Let's think back to a few other events that have had a habit of repeating themselves. Livestock-related viruses/illnesses in Asia & in particular China -- pig flu, avian flu, lead poisoning from fish; chronic power shortage in the cities and factories during summer in China; regular fogging of Malaysia (and sometimes Singapore) during the June-August period; terrorist attacks over the world; all these have been considered extraordinary events at some time recently and some have since been factored in as key risks that companies in the relevant sectors would have to face; others might still be viewed as extraordinary events.

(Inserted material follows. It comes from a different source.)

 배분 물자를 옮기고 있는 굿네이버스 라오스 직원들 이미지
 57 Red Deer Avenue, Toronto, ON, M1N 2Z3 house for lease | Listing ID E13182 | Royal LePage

Extending this to investing, I have realised that we should be careful when reading financial statements and be wary and even cynical when we come across "extraordinary" charges, usually classified as provisions. These might be due to the company selling off certain subsidiaries at a loss (ie. below book value), incurring certain bad debts that have to be written off (provisions for doubtful receivables), or incurring writeoffs due to inventory obsolescence. If the company has been selling off subsidiaries routinely at a loss, then surely it says something about the judgment of the management? If high receivables provisions have to be made (typically the way to judge is by comparing it with revenue base) then it says something about the credit-worthiness of the customers. And if inventory has to be written off, it suggests an inability to dispose of the company's goods which might point to longer-term problems with the brand. And of course, what's to stop a company from exaggerating its revenue and then taking charges on its receivables to achieve a net result of an image of a growing company albeit affected in the short term by certain temporal concerns. That is what Lucent did; investors ignored these provisions and focused only on the growing topline during the dot-com boom; they paid the price for it later.

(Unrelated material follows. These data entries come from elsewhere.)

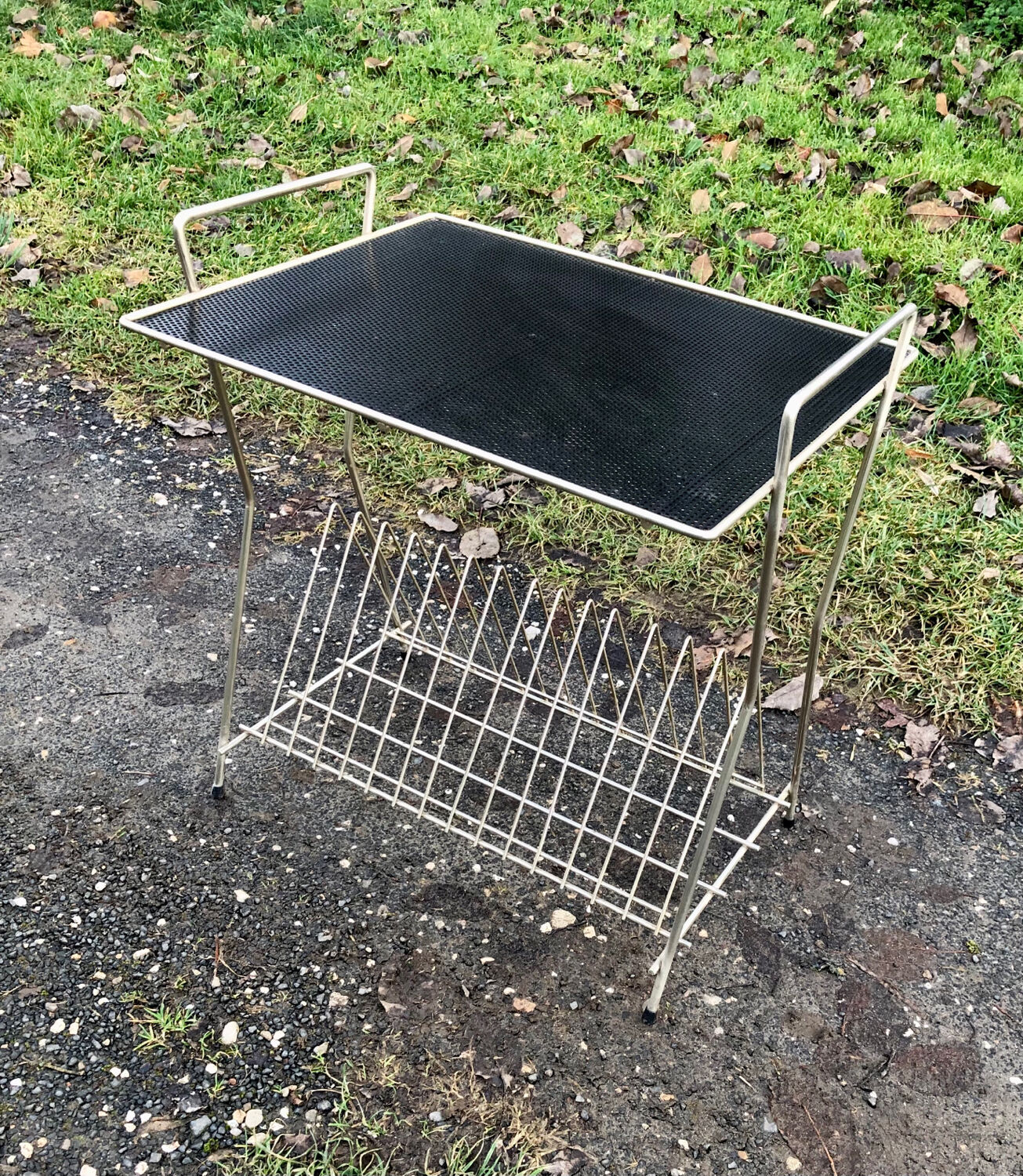 Side table vinyl door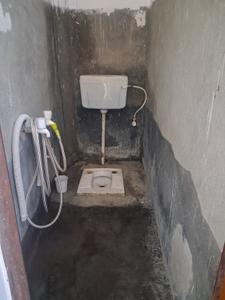 Bathroom Image of 800 Sq.ft 3 BHK Independent House for rent in Shastri Nagar Meerut for Rs. 7500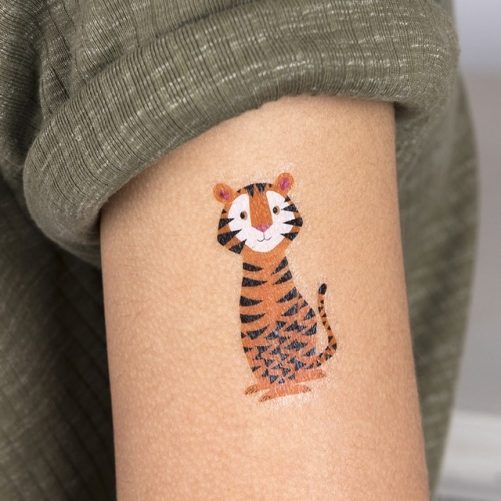Gnuggisar barn med vilda djur. Superfina tillfälliga barn tatueringar med blandade vilda djur. Köp på LillaFilur.se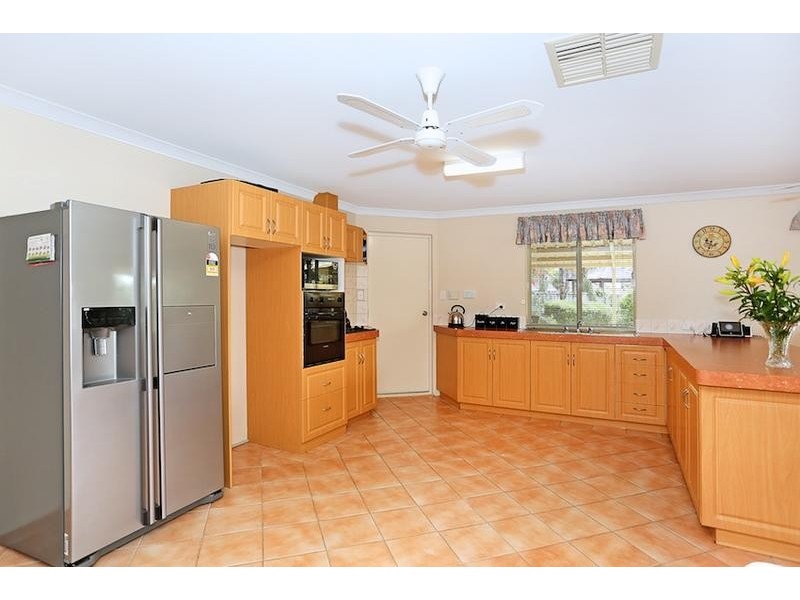 8 Lilac Green, Halls Head WA 6210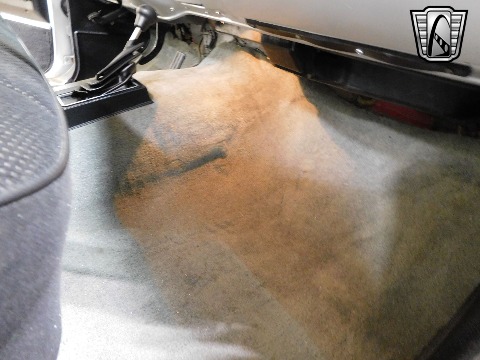 1985 Chevrolet K10 image 89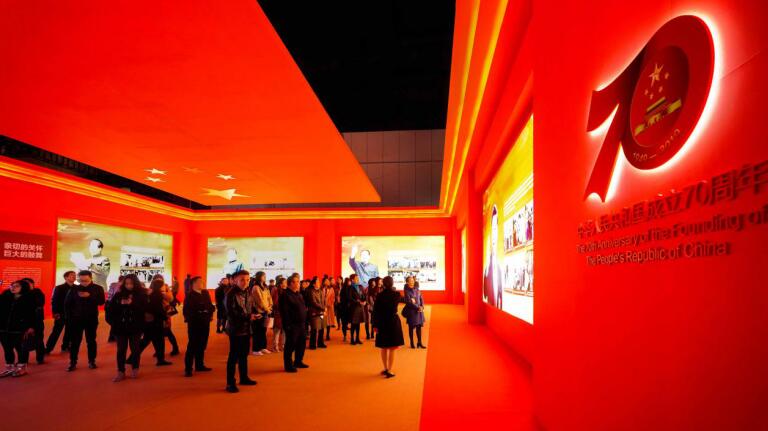 省旅投集團(tuán)組織參觀四川省慶祝中華人民共和國(guó)成立70周年大型成就展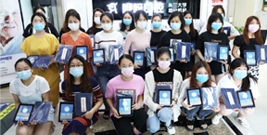 武漢市委、市政府授予咿呀口腔抗疫保衛戰紀念
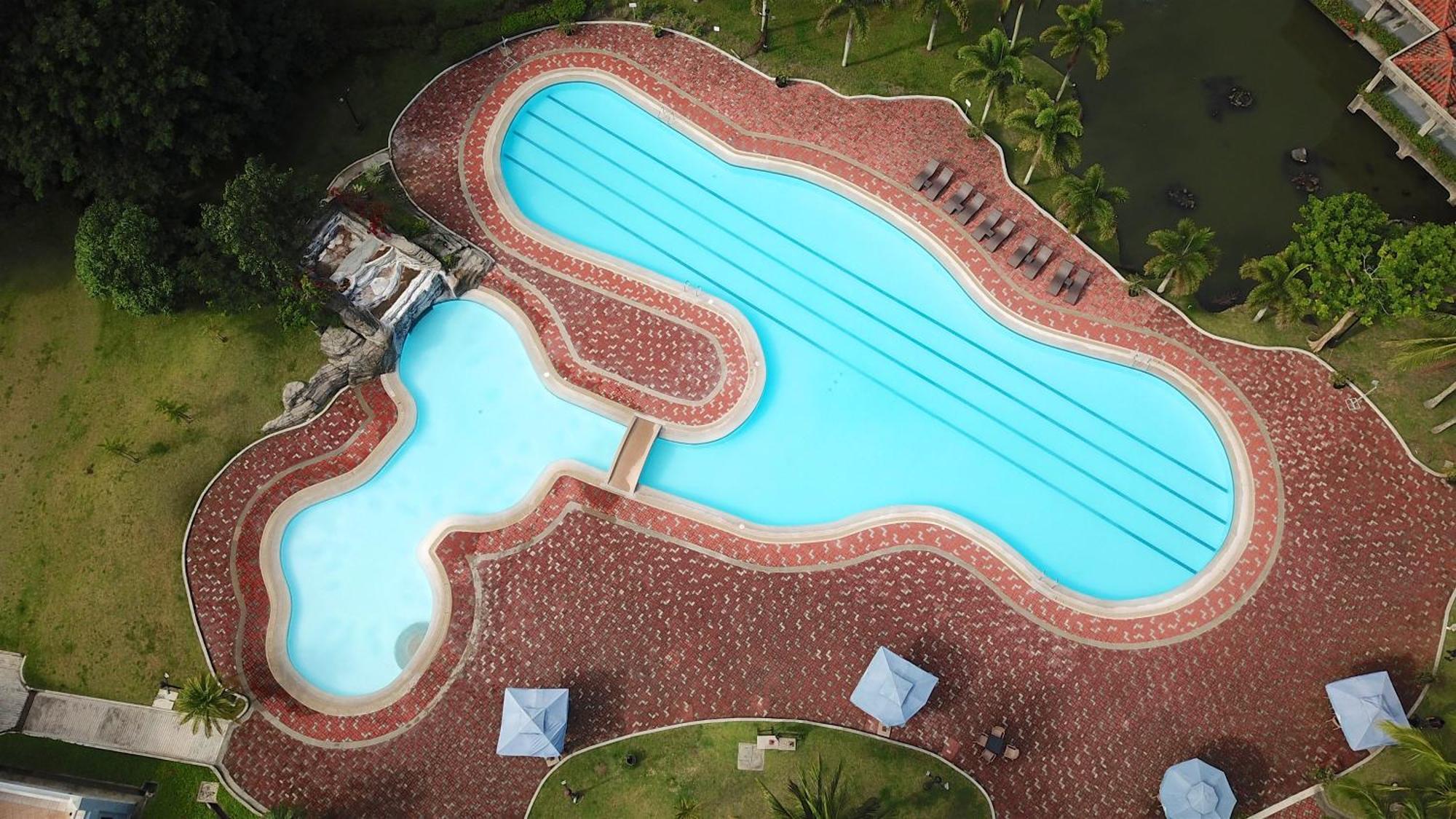 The Suites At Mount Malarayat Lipa City Esterno foto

The long and short of it is that for market players, and indeed more so for long-term investors, recognising when extraordinary events are indeed likely to be solely unique to that year, and when they are not really "extraordinary" and might indeed morph into a trend, is a very important process to think through.




Anonymous Anonymous said...

"...has left the world's refining capacity in a tight bind by sweeping away twenty oil rigs."

i would like to state that the shutting down of oil rigs(which produces crude oil) would relieve the over-utilisation of oil refineries(which produces refined oil), instead of adding to the supply gut of crude oil.
there are shortages of refined oil, not crude. the fact that price of crude oil is sky-high baffles me.

anyways, this correction has nothing to do with the crux of the article.

9/02/2005 11:11 PM  
Blogger DanielXX said...

Hi Quest,
You're rght, my mistake. The oil rigs drill for crude oil. Anyway, the refineries have been forced to shut down, so Katrina's impact is on refining capacity as well.

As for the price of crude oil, surely if the demand for refined oil products is high, the demand for crude oil will be high (and hence high oil prices)? Whether refining capacity is tight or not will only have an impact on refining margins, not the price of crude oil. On the supply side, light sweet crude oil is apparently tight, because spare capacity from Saudi Arabia is mainly the heavy sour variety, which is less sought after.

9/03/2005 3:49 AM  

I like to look over a balance sheet before I buy a stock.